When baking, if the term “cut-in” is used, here is the definition: Cut in: To distribute a solid fat in flour using a cutting motion, with 2 knives used scissors-fashion or a pastry blender, until divided evenly into tiny pieces. Usually refers to making pastry.

Chefs use this term a lot.. and it adds a lot of flavor! Deglaze: To loosen brown bits from a pan by adding a liquid, then heating while stirring and scraping the pan.

When making fried food, this term is used a lot: Dredge: To cover or coat uncooked food, usually with a flour, cornmeal mixture or bread crumbs.

If I say use the chicken/turkey/beef drippings it means: Drippings: Juices and fats rendered by meat or poultry during cooking.

Ever wonder what starting your dish on fire is called??? (When it’s ON PURPOSE!!???) Flambé: To drizzle liquor over a food while it is cooking, then when the alcohol has warmed, ignite the food just before serving.

And… another baking term: Fold: To combine light ingredients such as whipped cream or beaten egg whites with a heavier mixture, using a gentle over-and-under motion, usually with a rubber spatula.

Poach: To cook a food by partially or completely submerging it in a simmering liquid.

Reconstitute: To bring a concentrated or condensed food, such as frozen fruit juice, to its original strength by adding water.

Reduce: To decrease the volume of a liquid by boiling it rapidly to cause evaporation.
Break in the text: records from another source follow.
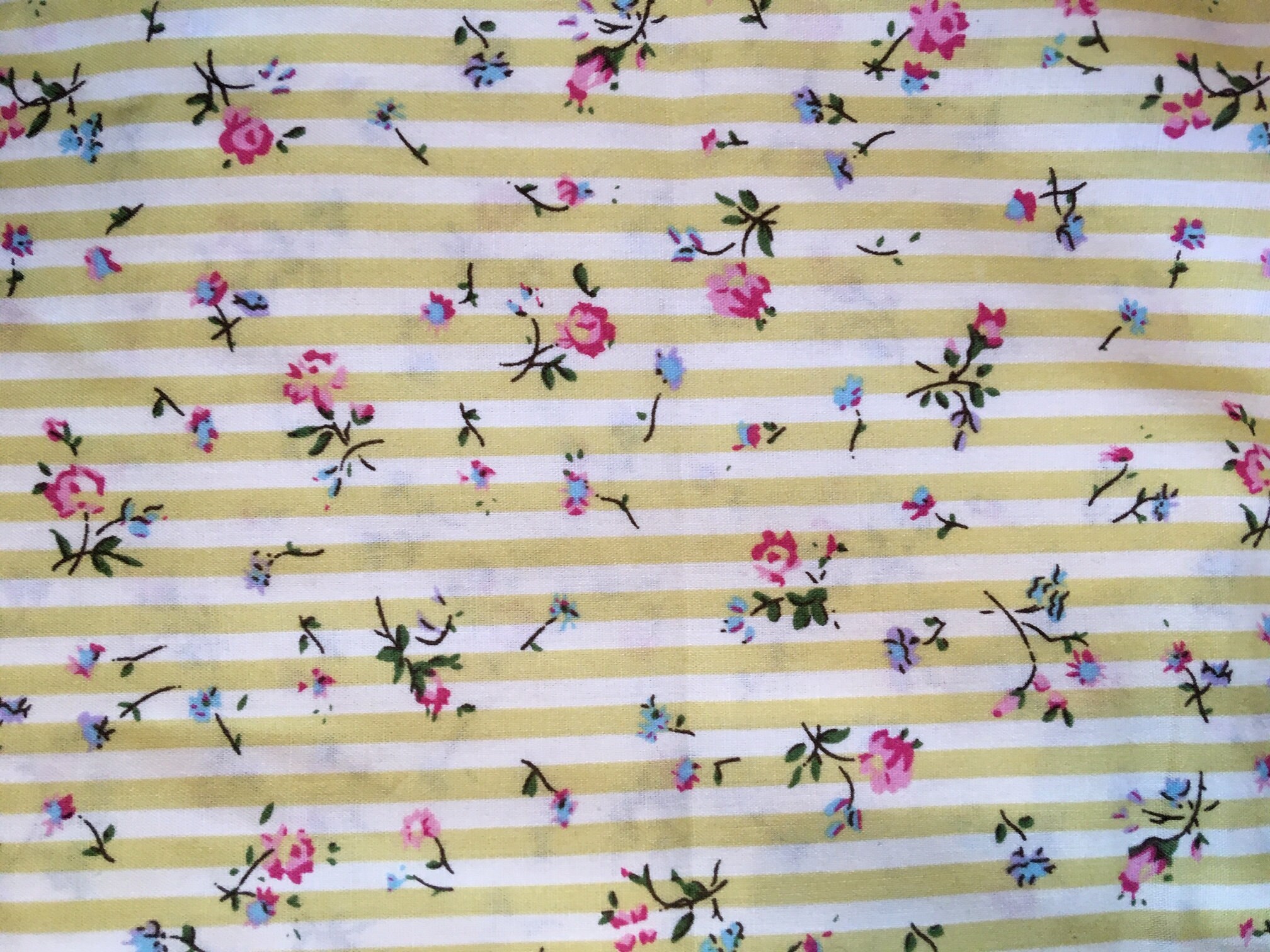 Lot De 4 Coupons De Tissu Rayé Fleuri Sur Fond Écru - 110x50 Cm - Coton France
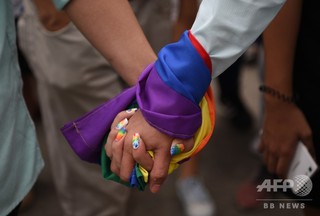 性別は「生まれつき不変」で男女に限定、米トランプ政権が定義付け検討 性別は「生まれつき不変」で男女に限定、米トランプ政権が定義付け検討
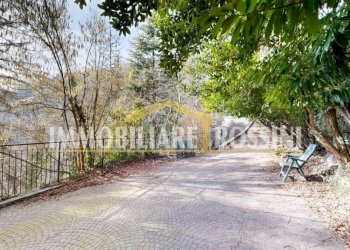 Giardino - Villa via Fincarà, 45, Varese (zona Santa Maria del Monte) - foto 28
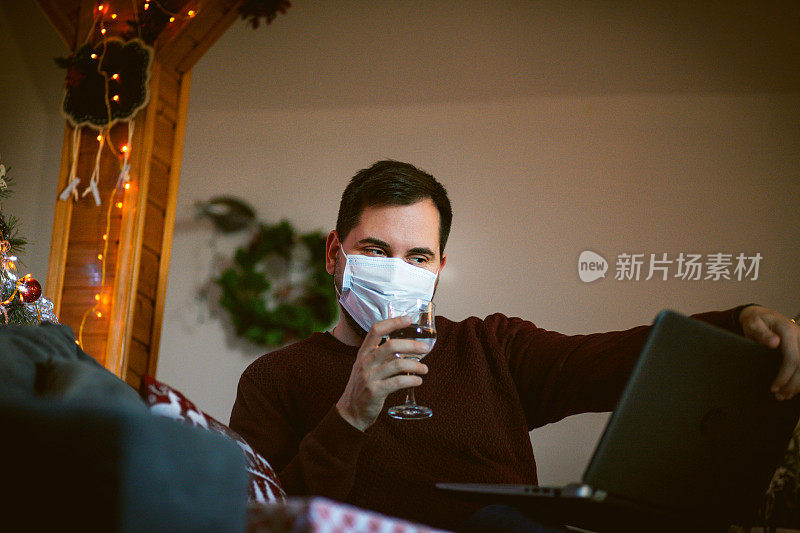 一名男子在冠状病毒期间独自庆祝新年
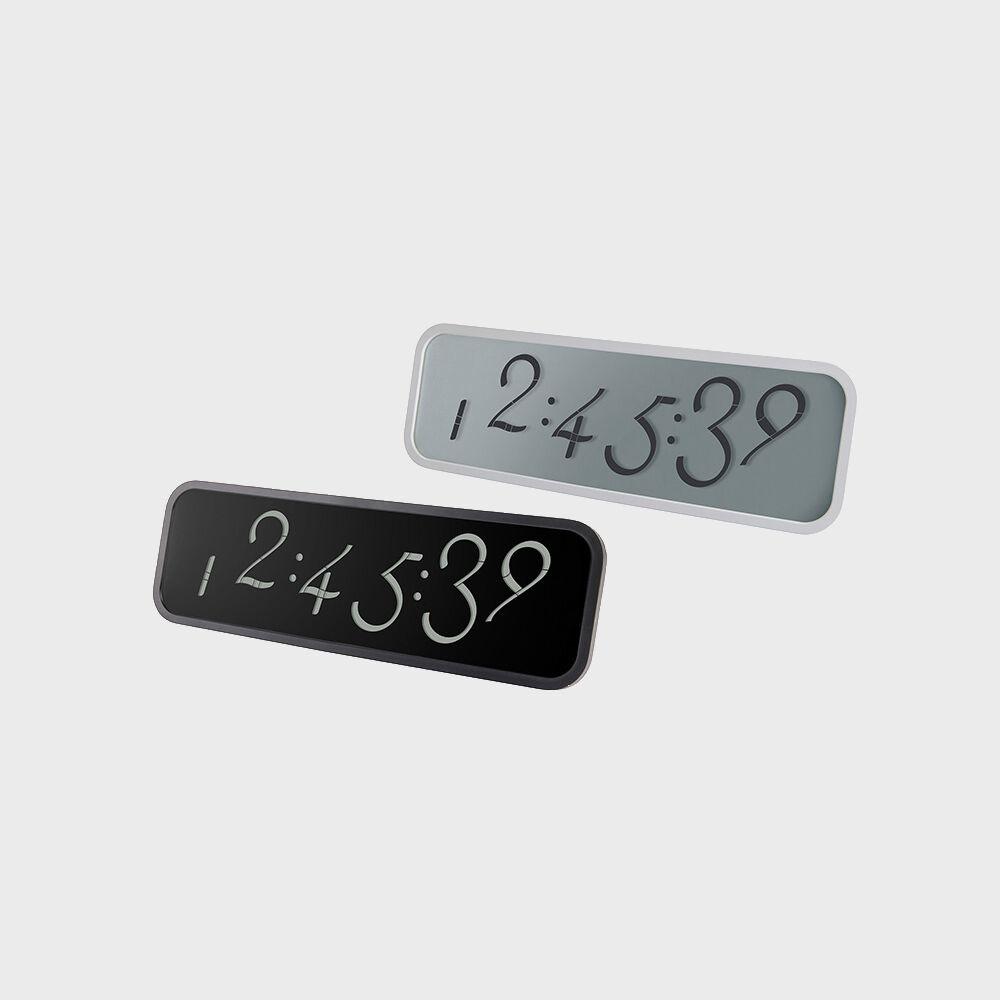 SCRIPT WALL CLOCK - LR134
As the liquid evaporates, it thickens and intensifies in flavor. The resulting richly flavored liquid, called a reduction, can be used as a sauce or as the base of a sauce. When reducing liquids, use the pan size specified in the recipe, as the surface area of the pan affects how quickly the liquid will evaporate.
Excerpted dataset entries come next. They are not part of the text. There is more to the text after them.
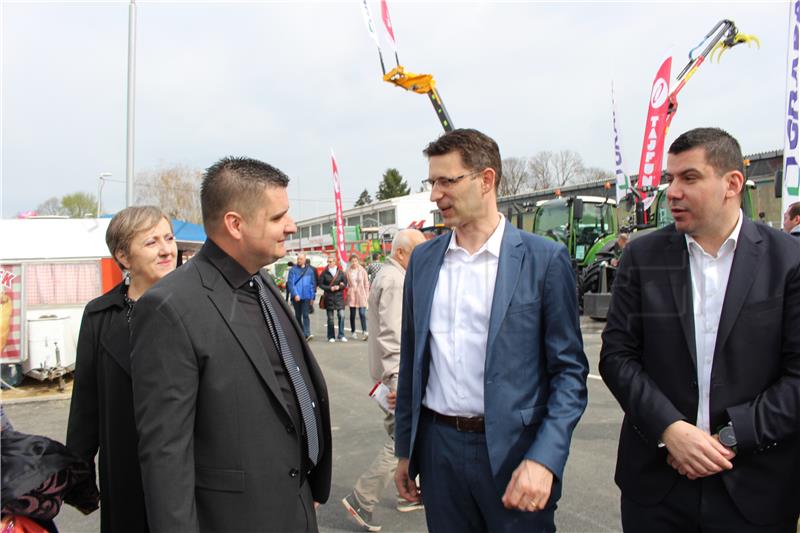 Mostu onemogućena pressica na sajmu Viroexpo 2019.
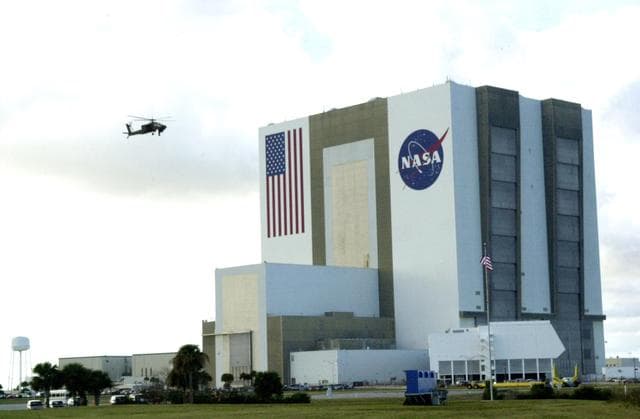 NASA image: KSC01pd1738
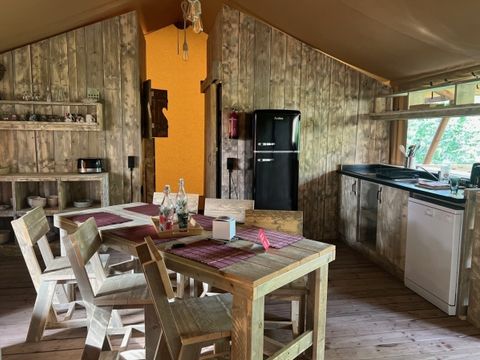 Tente en toile et en bois 6 personnes - Safari Prestige Plus - 3 chambres - 1 salle de bain 49m²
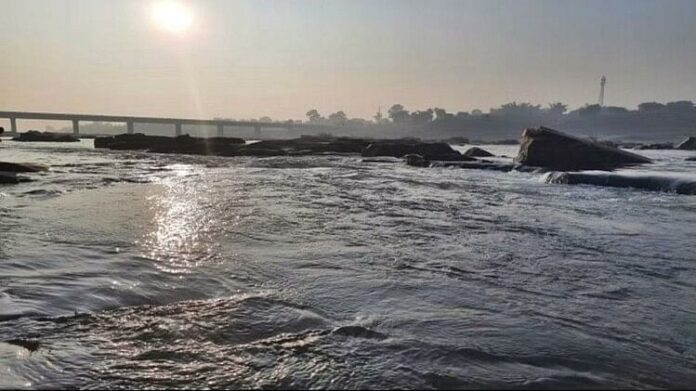 Alert sounded after rivers swell in East Singhbhum, Jharkhand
Saute: From the French word sauter, meaning “to jump.” Sauteed food is cooked and stirred in a small amount of fat over fairly high heat in an open, shallow pan. Food cut into uniform size sautes the best.

Those are just a few terms. If you have another one that you’d like me to define and give an example of, please let me know!!!

Ok, now tips:

Shrimp: I have found that the best way to get the BEST tasting shrimp is to bake it. It just always comes out evenly and perfectly cooked for me. I start out with thawed UNCOOKED shrimp, peeled and deveined. Wonder how to do it on your own?

I always use Ina Garten’s recipe for shrimp. She is the one I followed to get the perfectly cooked shrimp. I sometimes adjust it a bit, but I always use the temperature she says, and I adjust the time based on how large the shrimp are. I’m not the only one either! Other blogs follow her great ways too!

Here is Ina Garten’s original recipe showing it:


I have found, after trial and error, that my steak always turns out best when I start out by searing it on the stove (or browning) and then finishing it in the pre-heated oven for a certain amount of time until it reaches my desired temperature. Always. If I try to make it on the stove top only, it is usually either under done or over done. Just from my observations.

Mashed Potatoes:

Want them the most creamy? Add sour cream and whip them either in a stand mixer, or with a hand mixer. Seriously… whipped and delicious!


I have found that sauteing or roasting vegetables keeps more vitamins and color in vegetables (even from frozen) than boiling them. Try it!